## 1. Extract Vocabulary

In [1]:
from transformers import BertTokenizer
tokenizer = BertTokenizer.from_pretrained('bert-base-uncased')
vocabulary = tokenizer.vocab

  from .autonotebook import tqdm as notebook_tqdm


## 2.Extract Embedding

In [2]:
from transformers import BertModel
model = BertModel.from_pretrained("bert-base-uncased")
embedding = model.embeddings.word_embeddings.weight.cpu().detach().numpy()

## 3.Initialize Class

In [3]:
# !pip install annoy

In [4]:
from mdp import *
mdp = metricDP(vocabulary, embedding, start_from=999)
mdp.build_ann(metric='euclidean', n_trees=50)

## 4.Numeralize Input

To exclude special tokens from the candidate pool, specifiy the position of regular tokens via start_from. In BERT, the first regular token is '!' at index 999. During the privatization step, each token is remaped from its nearest neighbor item to the embedding index.

In [32]:
txt = 'The cat sat on the mat.'
ids = tokenizer.encode(txt, truncation=True, padding='max_length', max_length=10)
# [101, 1996, 4937, 2938, 2006, 1996, 13523, 1012, 102, 0]
txt

'The cat sat on the mat.'

In [33]:
tokenizer.decode([0,100,101,102,103])

'[PAD] [UNK] [CLS] [SEP] [MASK]'

## 5. Privatize Input

In [34]:
pv_ids = mdp.privatize(ids, epsilon=400, special_tokens=[0,100,101,102,103])
pv_ids
#[101, 2601, 2267, 25195, 20139, 6584, 16304, 22754, 102, 0]

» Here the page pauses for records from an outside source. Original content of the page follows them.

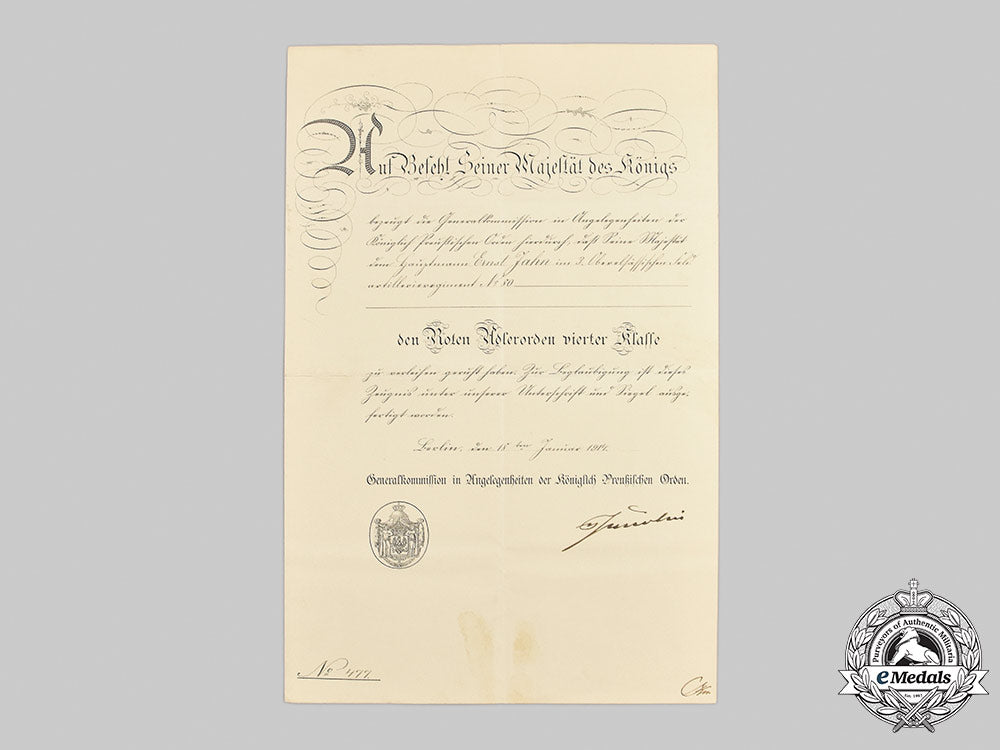 germany,_imperial._a_red_eagle_order_iv_class_certificate_to_hauptmann_ernst_jahn_m21_169_1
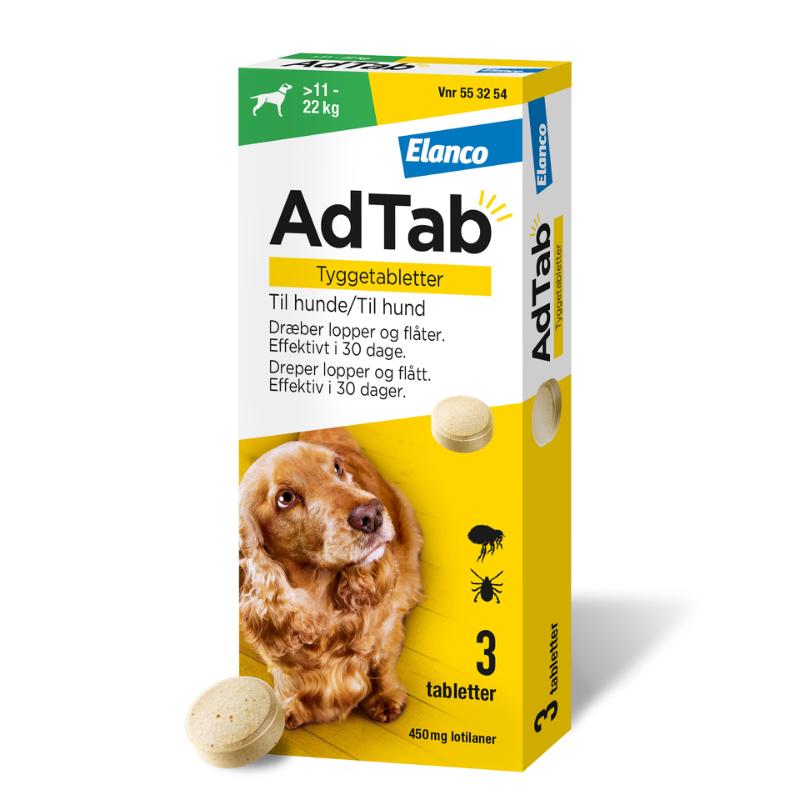 AdTab pille mod lopper, flåter og lus på hunde 11-22kg 3-pak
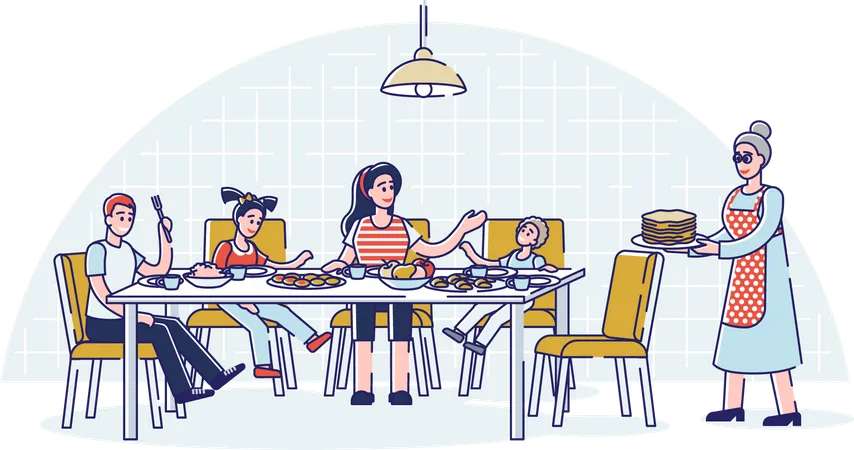 Big family dinner with parents Illustration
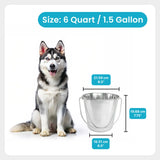 Heavy Duty Stainless Steel Flat Bucket - 6 Quart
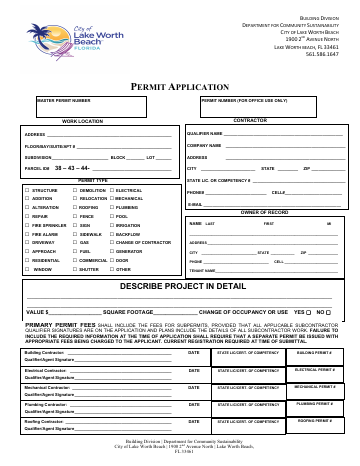 First page of the Building Permit Application (with Owner's Affidavit / Owner-Builder per FS 489 & Notice of Commencement)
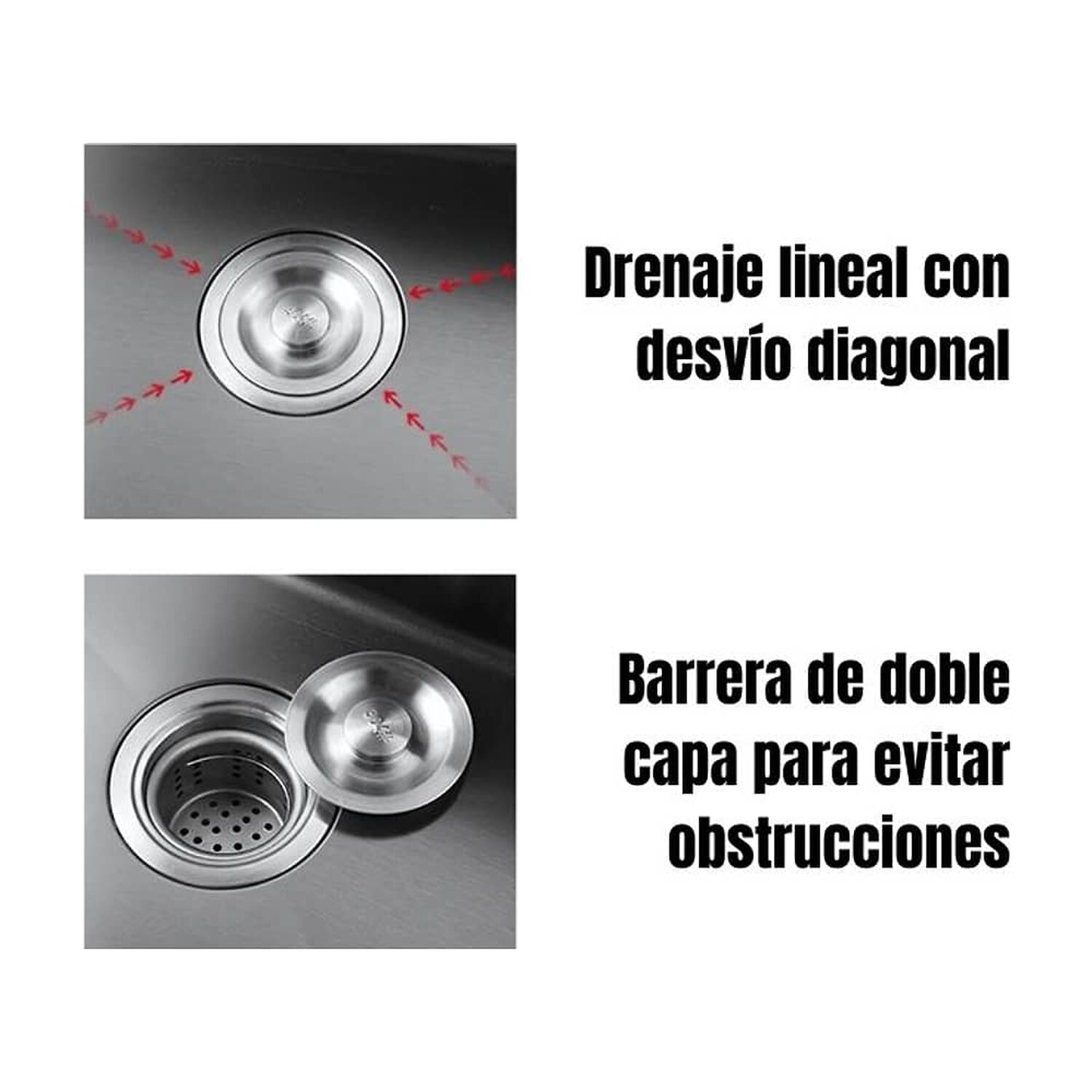 Lavaplatos Mate Acero Inoxidable 44x28 Encastre image number 6.0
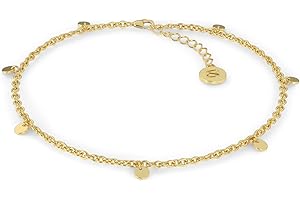 SERASAR Premium Anklet Women | 925 Sterling Silver | 18 Carat Real Gold Plating | Adjustable Length | Four Colors | Jewelry B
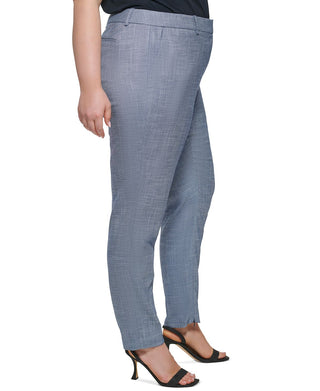 Calvin Klein Women's Mid Rise Ankle Zip Pants Blue Size 16W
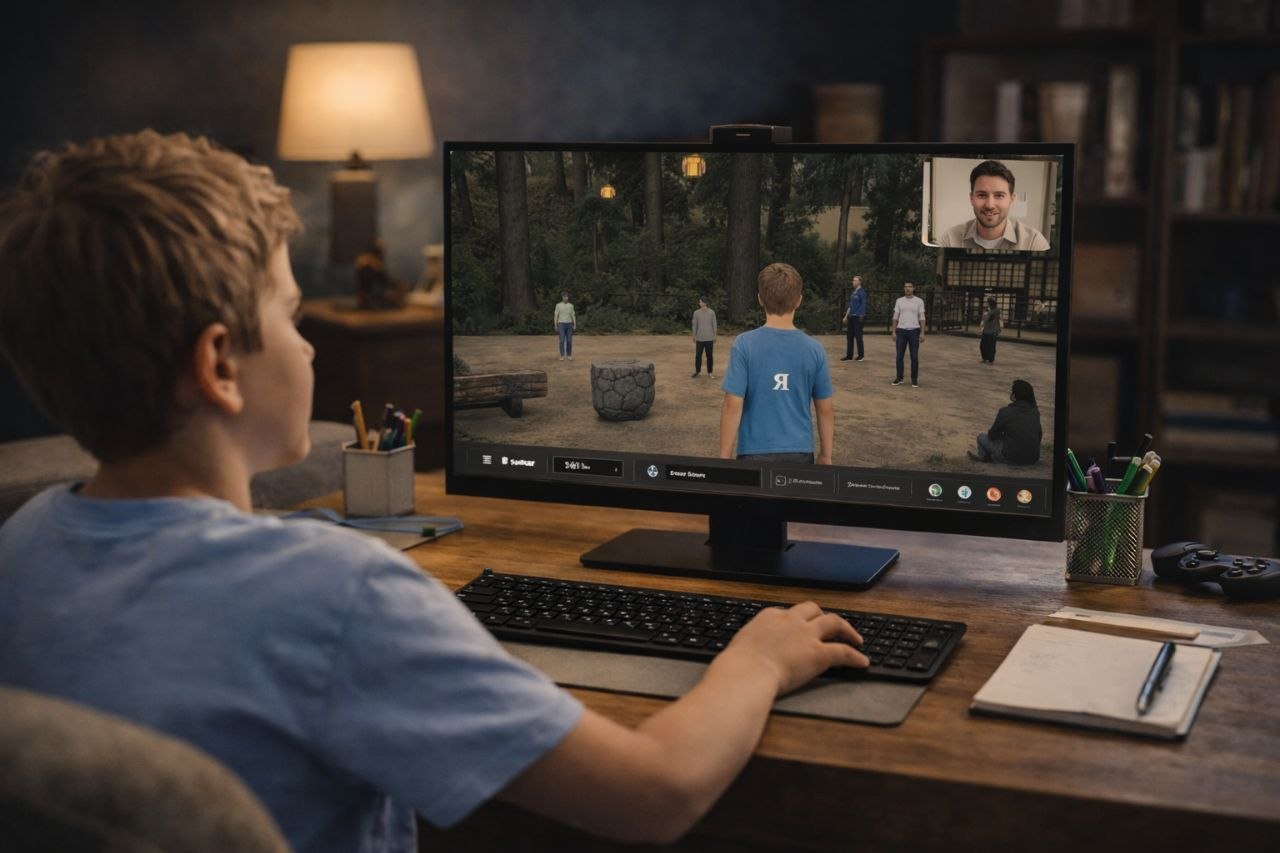 Подросток на сессии в лесном 3D-пространстве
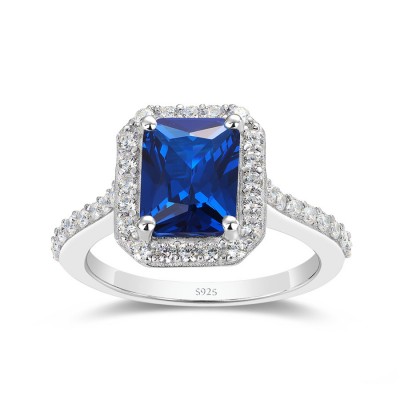 Radiant Cut Blue Sapphire 925 Sterling Silver Halo Engagement Ring
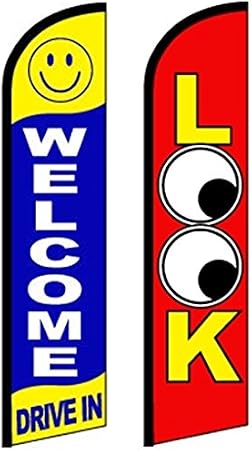 Car Dealer Windless Swooper, Feather, Banner Flag Combo Pk WELCOME DRIVE IN - LOOK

[101, 1996, 4937, 2938, 2006, 1996, 13523, 1012, 102, 0]

In [35]:
pv_txt = tokenizer.decode(pv_ids)
pv_txt

'[CLS] the cat sat on the mat. [SEP] [PAD]'

Perturbations ignore all tokens specified in special_tokens, and epsilon regulates the privacy guarantees. A smaller epsilon leads to more perturbations and higher privacy guarantees. A higher epsilon leads to less perturbations and lower privacy guarantees.

In [31]:
token = 101
epsilon = 400
random_vec = np.random.normal(size=mdp.embed_dim)
normalized_vec = random_vec / np.linalg.norm(random_vec)
magnitude = np.random.gamma(shape=mdp.embed_dim, scale=1/epsilon) #high epsilon -> low magnitude
noise = normalized_vec * magnitude
original_vec = mdp.embedding[token]
noisy_vector = original_vec + noise

n_trees = 50
start_from = 999
ann = AnnoyIndex(mdp.embed_dim, 'euclidean')
for index, vector in enumerate(mdp.embedding[start_from:,:]):
    ann.add_item(index, vector)
    
ann.build(n_trees)
new_token = ann.get_nns_by_vector(noisy_vector, 1)[0]
index = new_token + start_from
tokenizer.decode(index)

's e e m e d'